En outre, la non distinction du magistère et du pouvoir politique en démocratie aggrave la confusion car tous relèvent peu ou prou du même magistère, soit qu'ils sont soumis sincèrement ou soumis par intérêt, les intentions intérieures ne comptant pas, les hommes étant la somme de leurs actes.
Le rôle de la cooptation, qu'elle soit tacite, par sélection mandarinale à travers les écoles ou par sélection explicite est ici primordial pour assurer la reproduction de ces oligarchies.
La communauté d'intérêt, de famille par les alliances matrimoniales qui ne manquent pas de naître contribuent à la constitution d'une oligarchie mais aussi à sa sclérose et à son blocage : l'oligarchie, ou les oligarchies ne se renouvellent plus par apport de sang neuf venant des différentes couches de la population.

Quels remèdes possibles ?
Si la dérive oligarchique sous-tend l'évolution de tout système politique, tout l'art du politique consistera, en la matière, à éviter que cette ossification tendancielle ne produise une sclérose qui nuise à l'ensemble de la société, de la nation. Bien évidemment, l'état de santé spirituel et moral du peuple et de ses élites est primordial.
Sous cette condition, l'art du politique consistera donc à mettre en place des mécanismes qui combattent la tendance à la sclérose oligarchique, par son non renouvellement, et les dangers mortels qu'elle contient, mécanismes qui doivent être de juste mesure (à développer) La fluidification du renouvellement des élites d'une nation est donc la condition première, en permettant l'accès des meilleurs éléments de chaque génération aux fonctions dirigeantes, quelle que soit leur origine sociale et le corps intermédiaire dont ils sont issus.

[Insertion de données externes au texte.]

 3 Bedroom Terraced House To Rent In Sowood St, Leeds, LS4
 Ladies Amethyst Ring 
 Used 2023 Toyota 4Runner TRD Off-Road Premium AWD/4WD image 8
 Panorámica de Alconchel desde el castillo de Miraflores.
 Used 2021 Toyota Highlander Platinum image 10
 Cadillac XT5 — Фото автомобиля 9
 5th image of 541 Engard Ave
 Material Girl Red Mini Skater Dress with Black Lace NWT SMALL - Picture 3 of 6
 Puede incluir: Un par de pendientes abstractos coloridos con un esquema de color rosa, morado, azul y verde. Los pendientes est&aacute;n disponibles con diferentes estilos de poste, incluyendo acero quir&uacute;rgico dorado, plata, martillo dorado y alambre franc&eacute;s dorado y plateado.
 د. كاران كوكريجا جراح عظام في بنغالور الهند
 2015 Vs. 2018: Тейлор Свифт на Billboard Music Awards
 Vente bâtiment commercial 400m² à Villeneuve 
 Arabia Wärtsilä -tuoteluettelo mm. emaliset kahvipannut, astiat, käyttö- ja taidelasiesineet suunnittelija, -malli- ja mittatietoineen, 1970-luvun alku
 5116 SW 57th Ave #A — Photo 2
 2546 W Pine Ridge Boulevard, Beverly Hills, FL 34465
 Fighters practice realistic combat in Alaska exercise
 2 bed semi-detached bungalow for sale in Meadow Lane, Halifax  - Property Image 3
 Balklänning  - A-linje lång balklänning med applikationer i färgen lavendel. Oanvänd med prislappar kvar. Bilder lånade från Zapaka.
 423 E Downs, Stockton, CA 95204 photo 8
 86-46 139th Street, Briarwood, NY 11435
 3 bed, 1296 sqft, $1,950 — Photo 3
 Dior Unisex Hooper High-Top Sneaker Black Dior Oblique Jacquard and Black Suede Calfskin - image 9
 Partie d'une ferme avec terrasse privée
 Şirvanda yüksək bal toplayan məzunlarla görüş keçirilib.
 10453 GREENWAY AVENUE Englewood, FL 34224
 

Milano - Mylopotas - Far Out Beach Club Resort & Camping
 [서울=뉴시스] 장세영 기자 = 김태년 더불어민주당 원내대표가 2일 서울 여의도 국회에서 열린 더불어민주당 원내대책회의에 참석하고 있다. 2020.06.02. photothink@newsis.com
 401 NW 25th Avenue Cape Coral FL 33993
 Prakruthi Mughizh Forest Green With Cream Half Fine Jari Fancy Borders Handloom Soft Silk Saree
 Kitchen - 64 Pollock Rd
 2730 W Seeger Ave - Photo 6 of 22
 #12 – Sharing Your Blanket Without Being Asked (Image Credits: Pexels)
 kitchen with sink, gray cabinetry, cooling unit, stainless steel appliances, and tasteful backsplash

La structure sociale fondée sur les corps intermédiaires permet cette fragmentation de l'ossification oligarchique car elle offre de multiples souverainetés permettant à la fois de tempérer les échelons supérieurs et de permettre l'émergence de personnalités aux compétences multiples et en mesure de faire preuve de leurs capacités.
Mais il importe de placer en tant que principe fondateur le principe de la primauté du politique. Le pouvoir d'Etat ne peut être l'expression d'une oligarchie et de ses intérêts propres. Il doit être en mesure de la dominer. L'exercice n'est pas aisé car les cercles de pouvoirs s'interpénètrent inévitablement à des degrés certes différents, mais aussi et surtout s'influencent. Ce qui importe, c'est d'avoir un pouvoir d'essence monarchique qui les soumet, les contrôle, soit en mesure de les dissoudre le cas échéant, sachant que l'oligarchie – ou des oligarchies - tendent toujours à se constituer.
L'autre moyen permettant d'éviter l'ossification d'un régime et par suite son blocage est de permettre l'émergence de ce que l'on appelle le "pouvoir d'en bas". Le principe du référendum d'initiative populaire est un élément majeur de ce dispositif, pourvu qu'il soit utilisé dans des conditions précises que nous ne pouvons aborder ici, faut de place..
Il faut que ce référendum soit à la fois un moyen d'expression de la masse sans pour autant que celle-ci acquière un pouvoir qu'elle n'a pas la capacité d'exercer. Le référendum ne peut se pratiquer que dans de petites communautés.
En pratique, une équipe dirigeante efficace ne devrait pas avoir à être confrontée à cette extrémité car si elle est en communion permanente avec la population, elle gouverne en symbiose avec ses mandants, évitant les divergences notoires et durables.
Sur la longue durée, l'exercice consistant à éviter la dérive oligarchique d'un régime politique est chose difficile. Toutefois, une société démocratique, atomisée comme celle que nous connaissons; dans laquelle il n'existe plus qu'une masse indifférenciée d'individus face à des pouvoirs éloignés d'eux et soumise à l'abrutissement médiatique quotidien, n'est certainement pas la solution à ce travers tendanciel des sociétés humaines. Nous le vivons tous les jours.